* [GIVEN ENTRIES]:
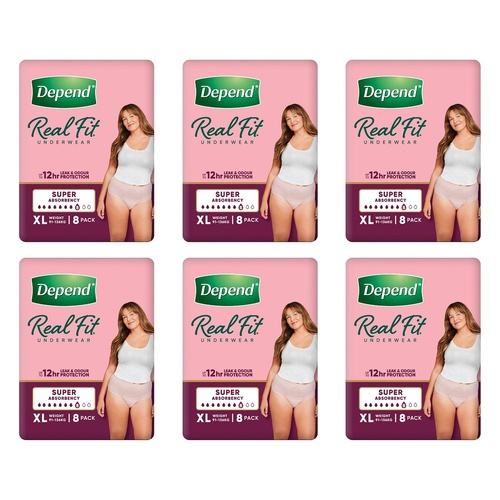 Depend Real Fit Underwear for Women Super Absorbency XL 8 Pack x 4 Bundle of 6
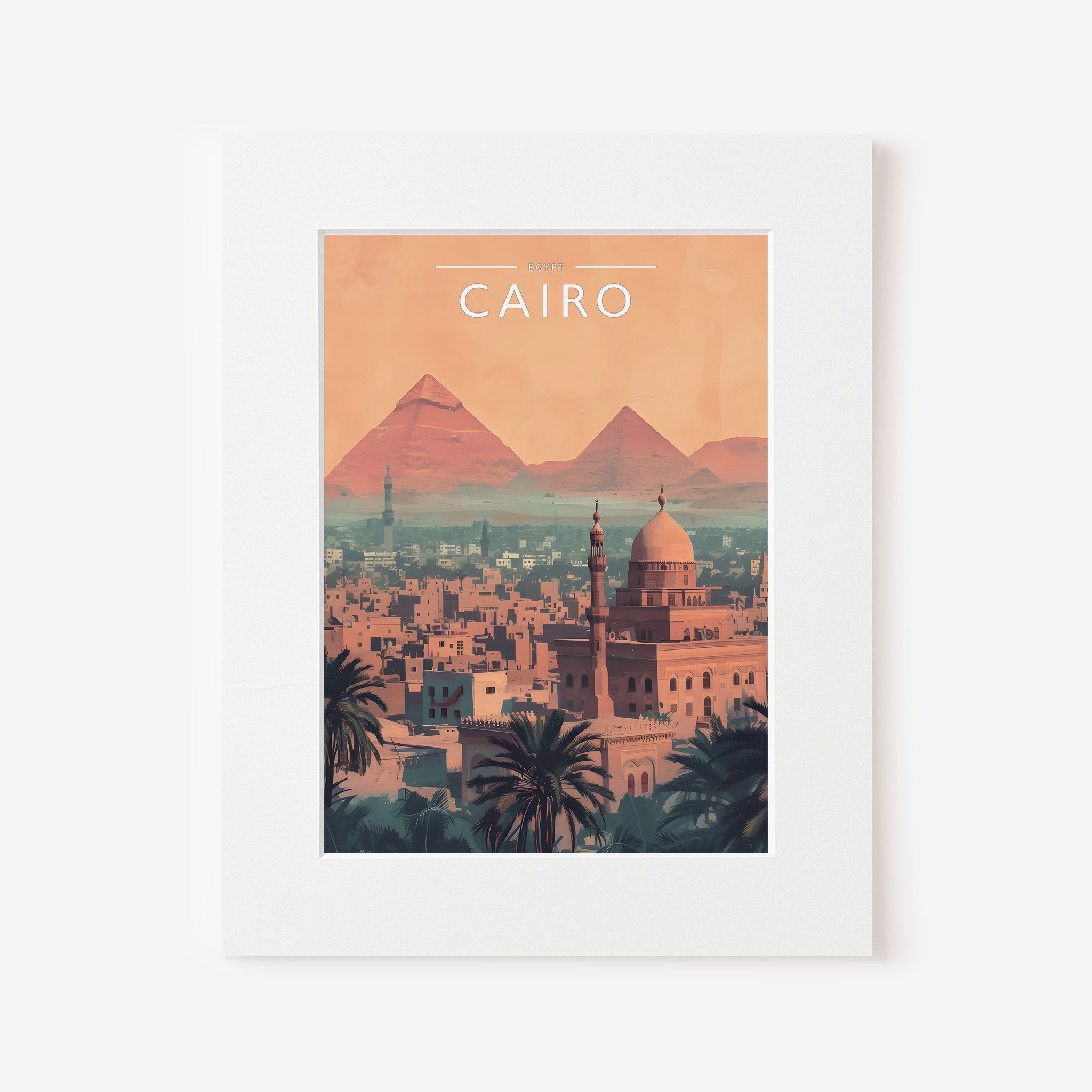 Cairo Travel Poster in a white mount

---

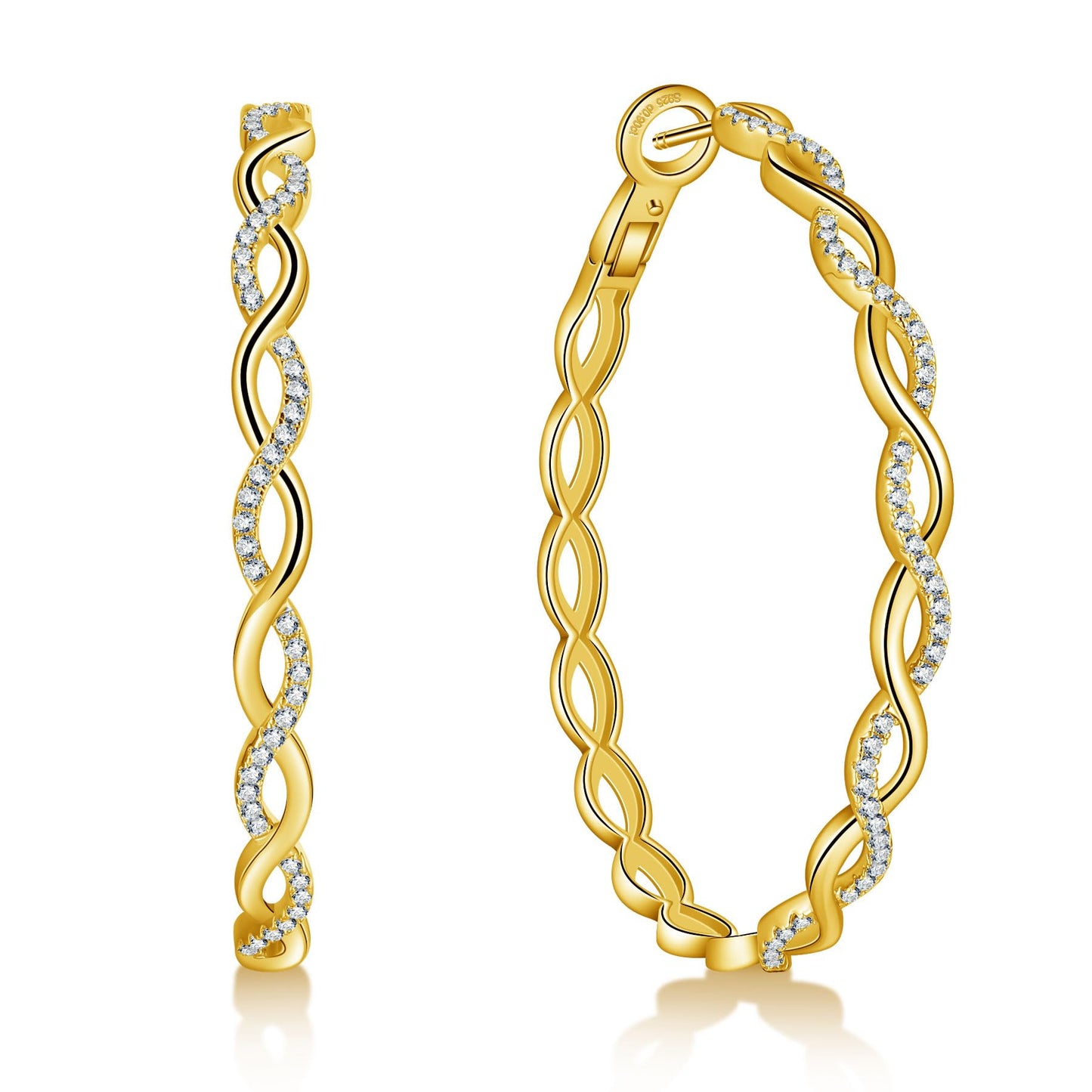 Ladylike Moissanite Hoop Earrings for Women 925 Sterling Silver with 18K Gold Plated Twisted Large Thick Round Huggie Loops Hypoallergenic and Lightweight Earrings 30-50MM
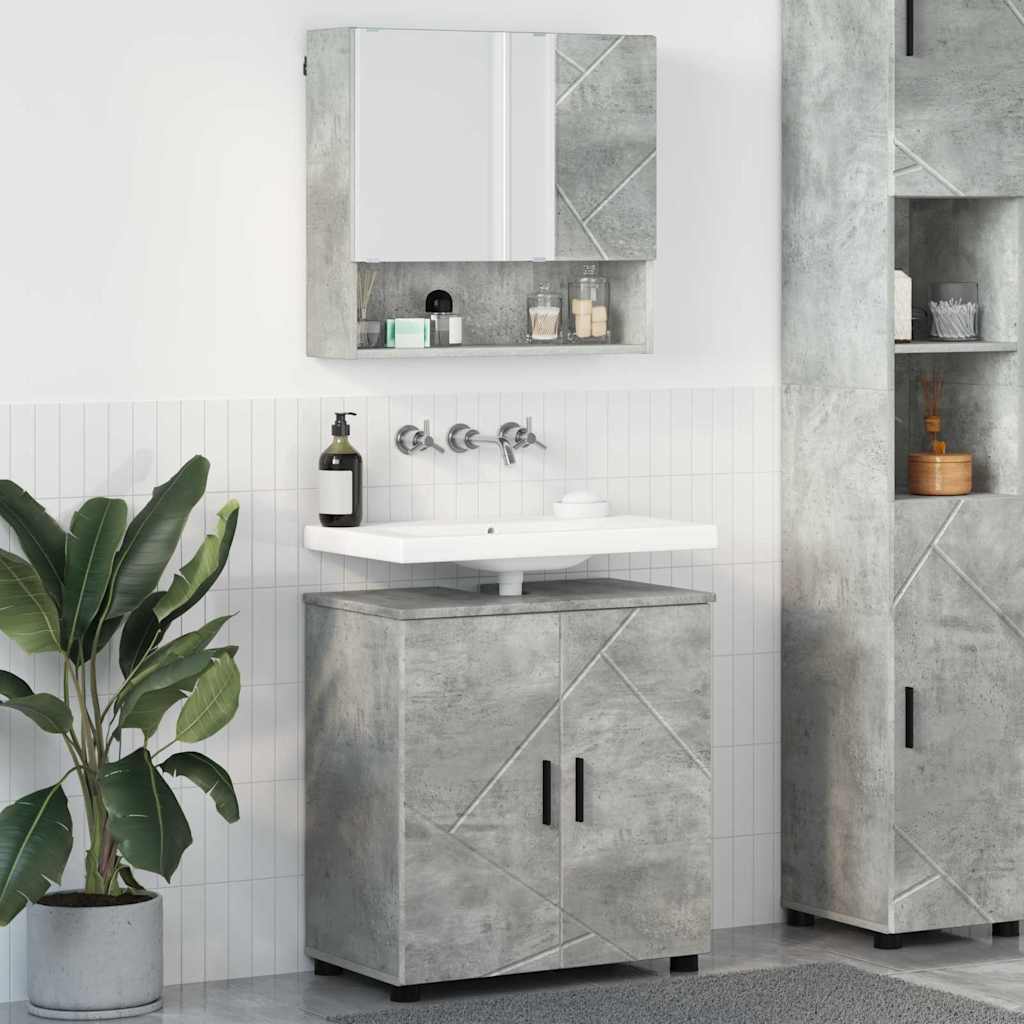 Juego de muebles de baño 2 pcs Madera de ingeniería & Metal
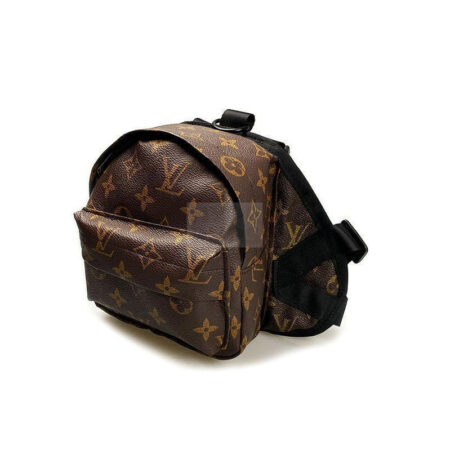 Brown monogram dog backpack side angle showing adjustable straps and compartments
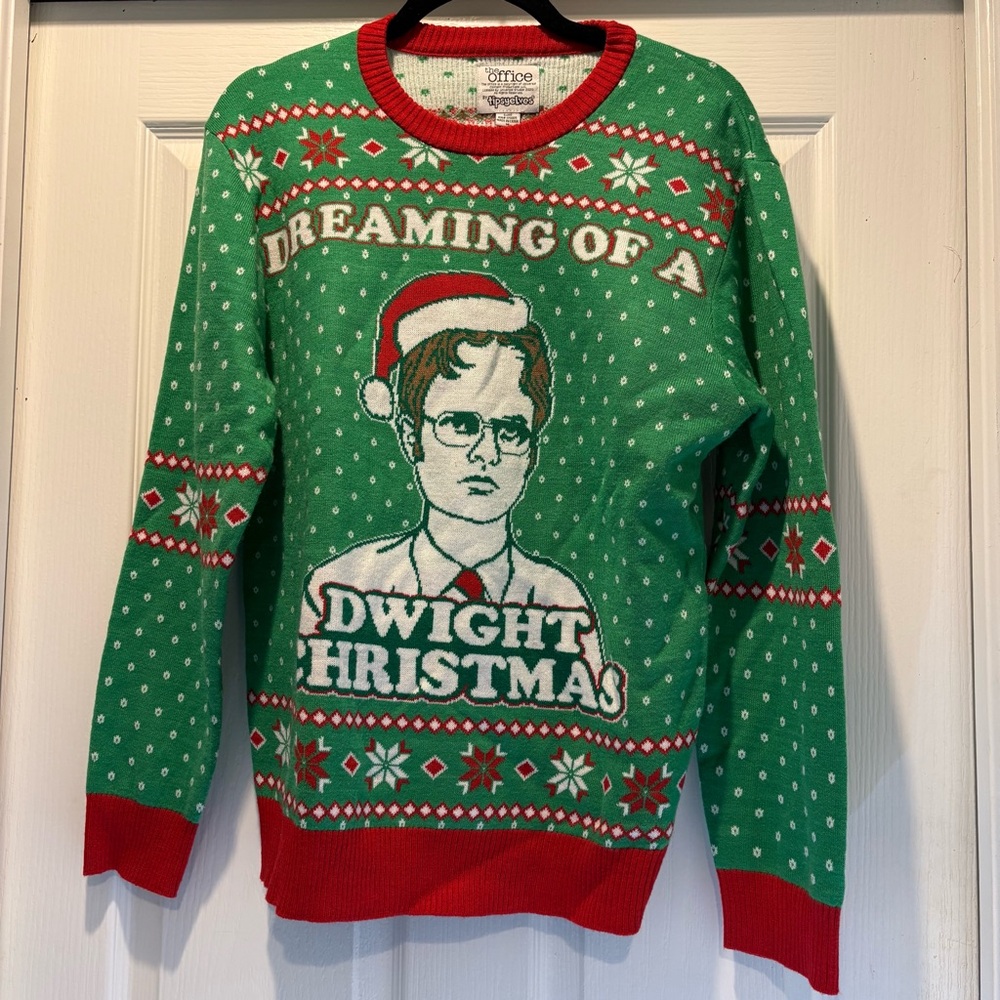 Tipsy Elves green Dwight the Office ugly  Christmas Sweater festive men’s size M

---

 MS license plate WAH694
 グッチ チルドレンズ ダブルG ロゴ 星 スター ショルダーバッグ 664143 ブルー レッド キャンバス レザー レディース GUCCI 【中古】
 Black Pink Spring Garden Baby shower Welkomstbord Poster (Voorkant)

* [WHAT TO PRODUCE]: In the listing above, find the line with "MS license plate WAH694" and the line with "Black Pink Spring". Output those two lines and every line between them, exactly as written.

* [TASK OUTPUT]:
 MS license plate WAH694
 グッチ チルドレンズ ダブルG ロゴ 星 スター ショルダーバッグ 664143 ブルー レッド キャンバス レザー レディース GUCCI 【中古】
 Black Pink Spring Garden Baby shower Welkomstbord Poster (Voorkant)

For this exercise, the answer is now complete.